Your goal
Leaving out the pictures, write the following records exactly as they read.

Extracted entries

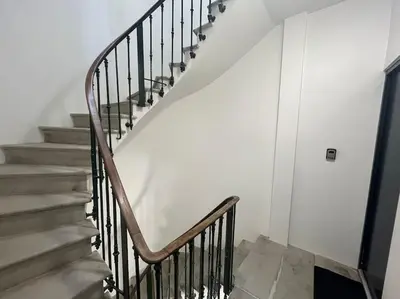 a staircase in a house with a metal railing at L'Ébène - Wifi - Proche des Halles et du centre ville in Narbonne
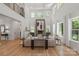 Bright living room with soaring ceilings, large windows, and a striking modern fireplace as its centerpiece at 3601 Woody Grove Ln, Charlotte, NC 28210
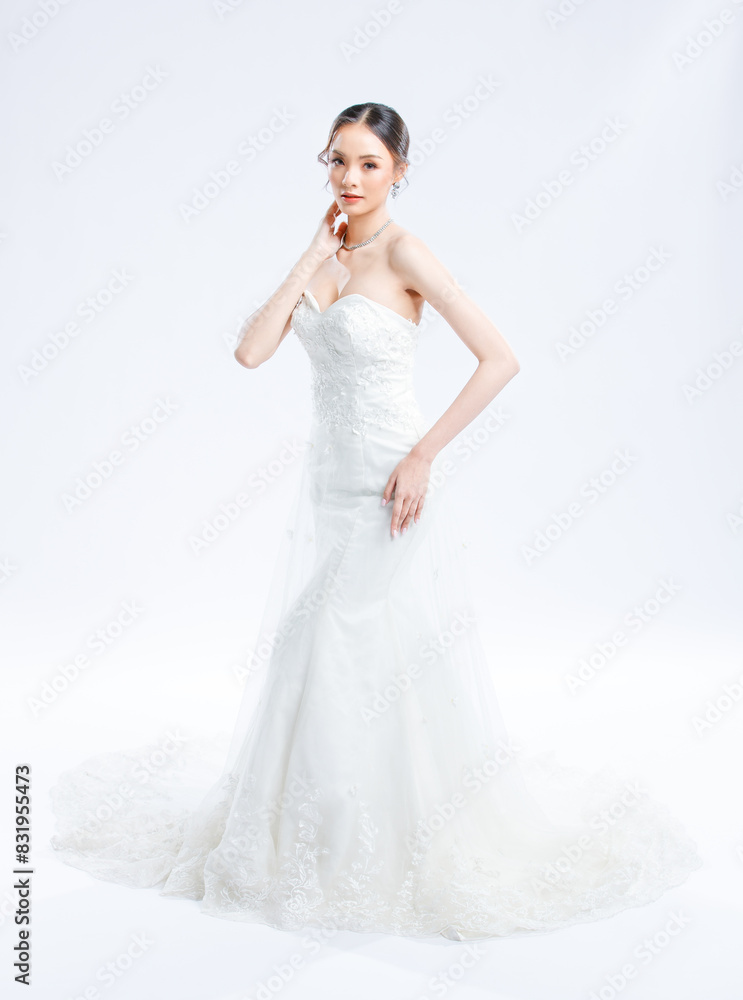 Asian young beautiful female portrait attractive model of bride wearing fashion wedding dress, luxury delight make-up, hairstyle, standing looking camera isolated white background studio indoor photo Asian young beautiful female portrait attractive model of bride wearing fashion wedding dress, luxury delight make-up, hairstyle, standing looking camera isolated white background studio indoor photo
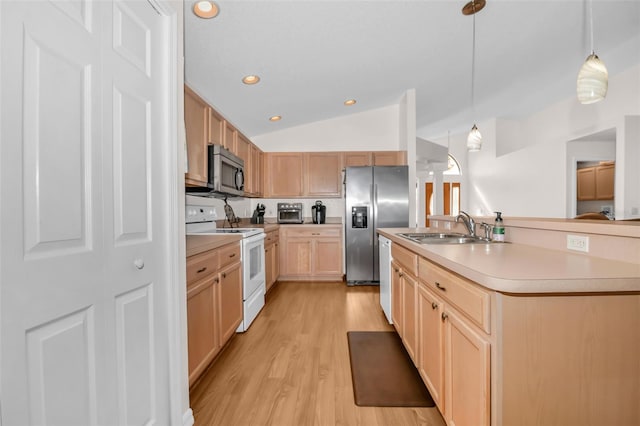 kitchen featuring pendant lighting, lofted ceiling, sink, light brown cabinetry, and stainless steel appliances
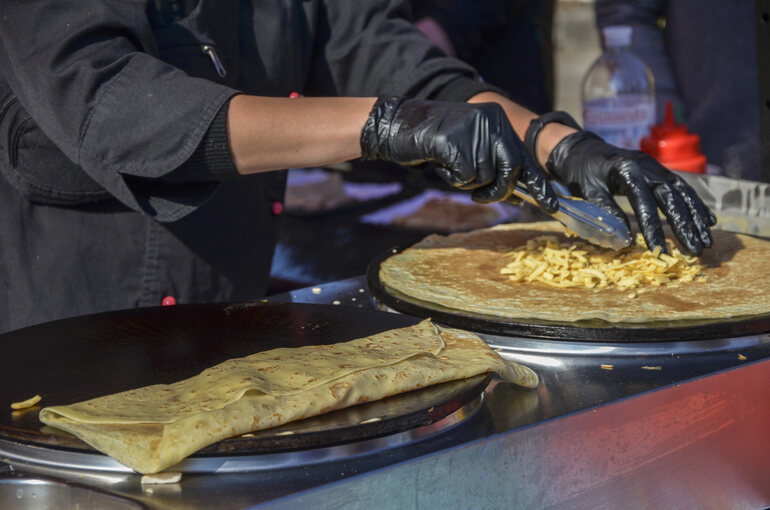 A street food vendor preparing cheesy crepes on a hot griddle at a music festival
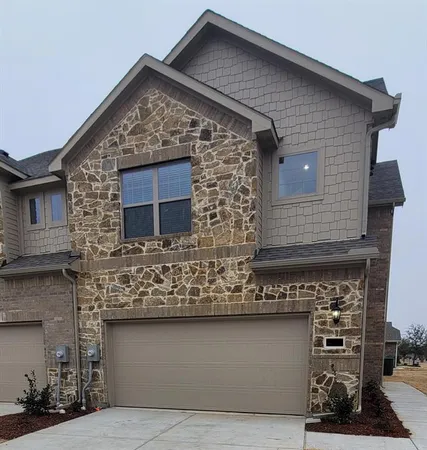 a front view of a house with garage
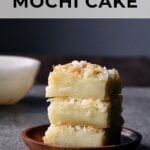 coconut mochi cake squares stacked on top of each other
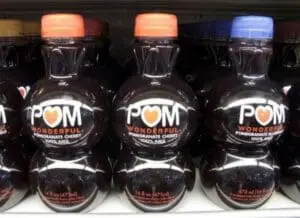 Bottles of POM Wonderful pomegranate cherry juice displayed on a shelf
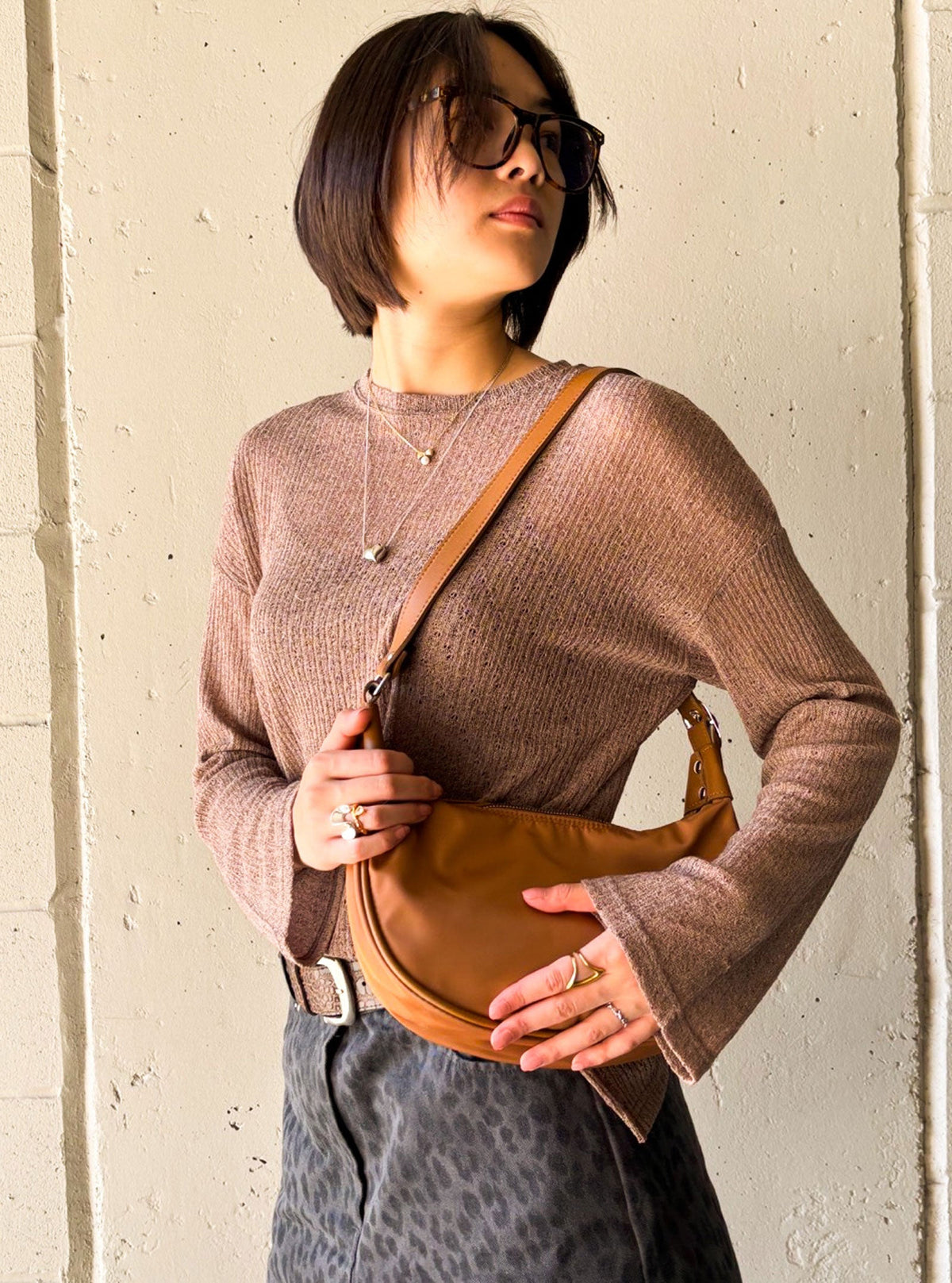 Bryd caramel shoulder bag styled on a model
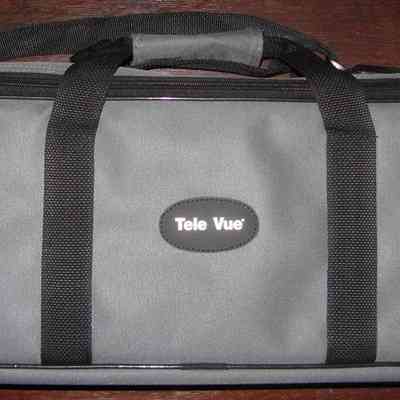 Brass TV-85 Telescope Case: The image features a gray carrying case with "Tele Vue" written on a small, black, oval.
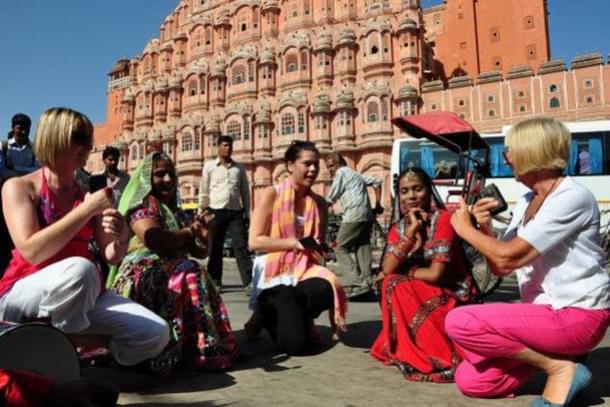 Foreign tourists with few locals at Hawa Mahal in Jaipur,Rajasthan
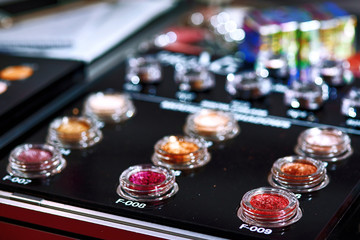 Set of decorative cosmetics. Various makeup products. A lot of professional cosmetics for make up. Professional multicolor eyeshadow palette and red lipsticks. Colorful bright eye shadows set backdrop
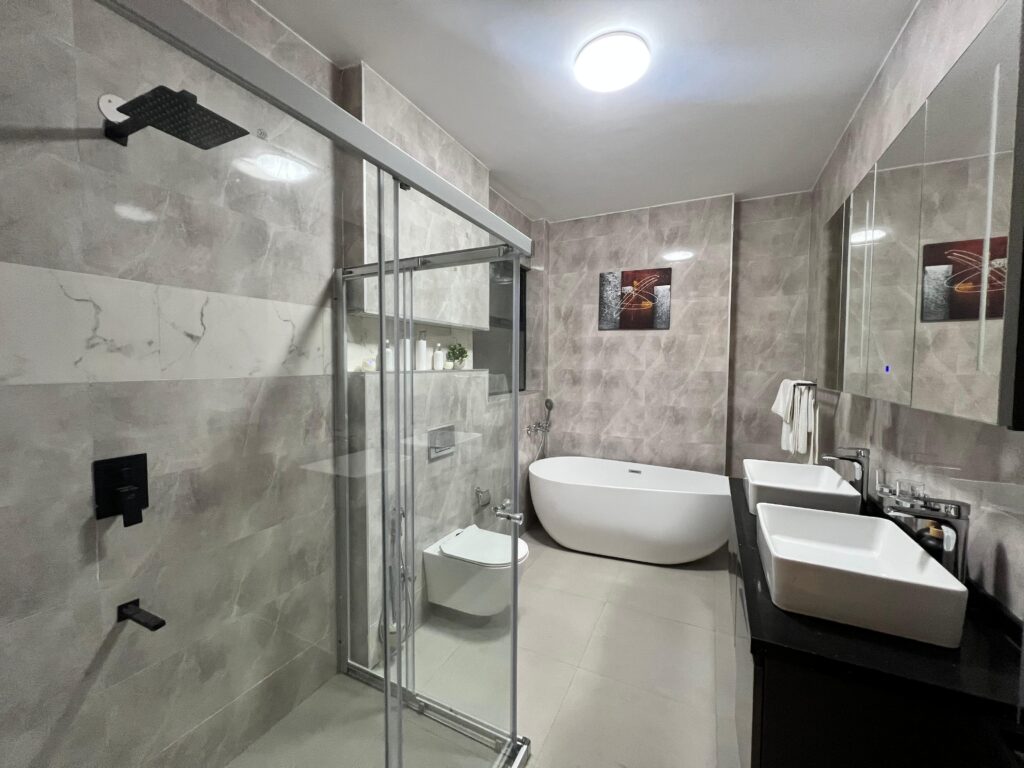 bathroom with cubicle glass shower,a bathtub and a toilet inside Isra Residency Parklands
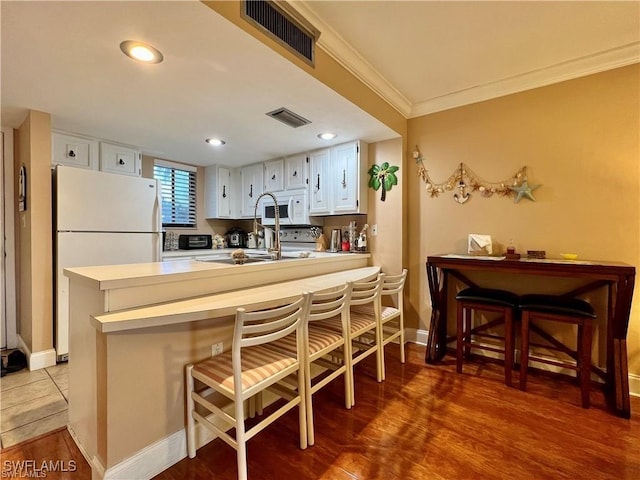 kitchen featuring ornamental molding, white appliances, visible vents, and a peninsula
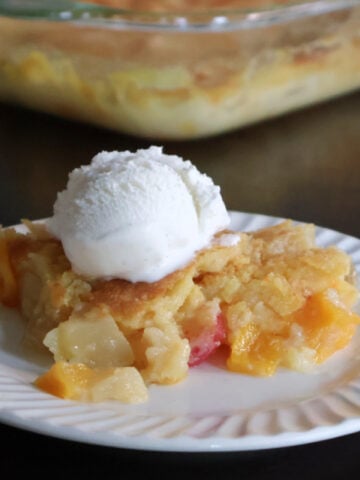 A portion of fruit cocktail dump cake on a white plate. The baking dish full of the fruit cocktail dump cake is visible behind the plate.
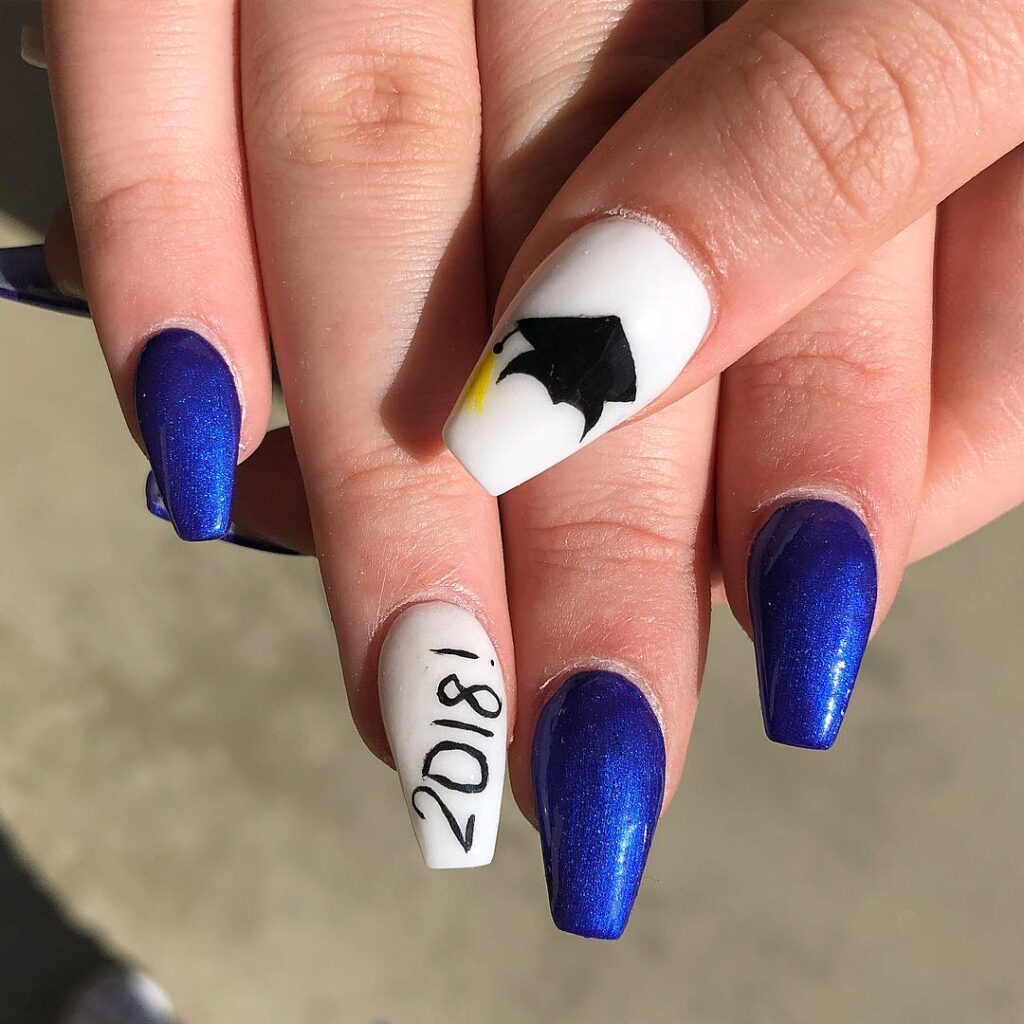 Metallic blue coffin nails with white accent art for bold graduation style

Exercise response
 a staircase in a house with a metal railing at L'Ébène - Wifi - Proche des Halles et du centre ville in Narbonne
 Bright living room with soaring ceilings, large windows, and a striking modern fireplace as its centerpiece at 3601 Woody Grove Ln, Charlotte, NC 28210
 Asian young beautiful female portrait attractive model of bride wearing fashion wedding dress, luxury delight make-up, hairstyle, standing looking camera isolated white background studio indoor photo Asian young beautiful female portrait attractive model of bride wearing fashion wedding dress, luxury delight make-up, hairstyle, standing looking camera isolated white background studio indoor photo
 kitchen featuring pendant lighting, lofted ceiling, sink, light brown cabinetry, and stainless steel appliances
 A street food vendor preparing cheesy crepes on a hot griddle at a music festival
 a front view of a house with garage
 coconut mochi cake squares stacked on top of each other
 Bottles of POM Wonderful pomegranate cherry juice displayed on a shelf
 Bryd caramel shoulder bag styled on a model
 Brass TV-85 Telescope Case: The image features a gray carrying case with "Tele Vue" written on a small, black, oval.
 Foreign tourists with few locals at Hawa Mahal in Jaipur,Rajasthan
 Set of decorative cosmetics. Various makeup products. A lot of professional cosmetics for make up. Professional multicolor eyeshadow palette and red lipsticks. Colorful bright eye shadows set backdrop
 bathroom with cubicle glass shower,a bathtub and a toilet inside Isra Residency Parklands
 kitchen featuring ornamental molding, white appliances, visible vents, and a peninsula
 A portion of fruit cocktail dump cake on a white plate. The baking dish full of the fruit cocktail dump cake is visible behind the plate.
 Metallic blue coffin nails with white accent art for bold graduation style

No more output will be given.